Better error messages are already included to help you identify the problem:

except requests.exceptions.Timeout:
    return (
        None,
        "❌ **Timeout Error:**\nThe model took too long to load (>5min). "
        "This is normal with large models. Options:\n"
        "1. Try with a smaller model\n"
        "2. Wait and try again (model may be caching)\n"
        "3. Contact admin to increase timeout",
        ""
    )

except MemoryError:
    return (
        None,
        "❌ **Memory Error:**\nNot enough RAM for this model.

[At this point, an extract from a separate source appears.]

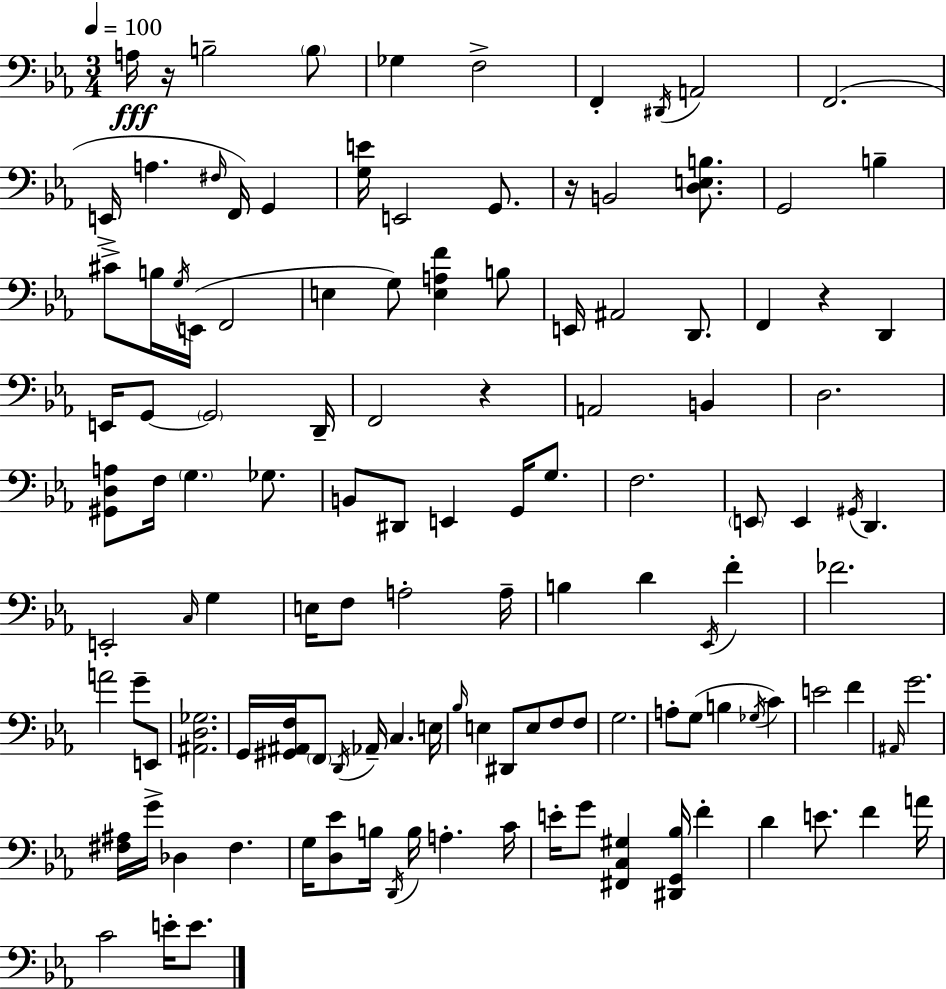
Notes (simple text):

Options:\n"
        "1. Use a smaller model (1B parameters)\n"
        "2. Model requires more memory than available in HF Spaces",
        ""
    )

📊 Model Size Comparison

Model	Parameters	RAM Needed*	Load Time**
Llama-3.2-1B	1B	~4 GB	~30s
Llama-3.2-3B	3B	~12 GB	~90s
Llama-3-8B	8B	~32 GB	~240s
Llama-3-70B	70B	~280 GB	~600s+

*Without quantization, FP32 **On typical HF Spaces hardware

🎯 Recommended Action Plan

Run the diagnostic:
```
python hf-spaces/diagnostic_tool.py
```
Read the results and follow the specific recommendations
Apply the appropriate solution:
- If timeout → Increase timeout or use cache
- If memory → Use small models or quantization
Test again with the adjusted configuration

📝 Useful Logs in HF Spaces

Check the logs in HF Spaces for messages like:

🔍 MODEL LOADING DIAGNOSTIC: meta-llama/Llama-3.2-1B
📊 INITIAL SYSTEM STATE:
  - Available memory: 12.50 GB
  - Used memory: 3.45 GB (21.6%)
⏳ Starting model loading (timeout: 300s)...
  [1/2] Loading tokenizer...
  ✓ Tokenizer loaded in 2.31s
  - Memory used: 3.48 GB (21.8%)
  [2/2] Loading model...
  ✓ Model loaded in 45.67s
✅ LOADING SUCCESSFUL in 47.98s

This tells you exactly how much memory and time each step uses.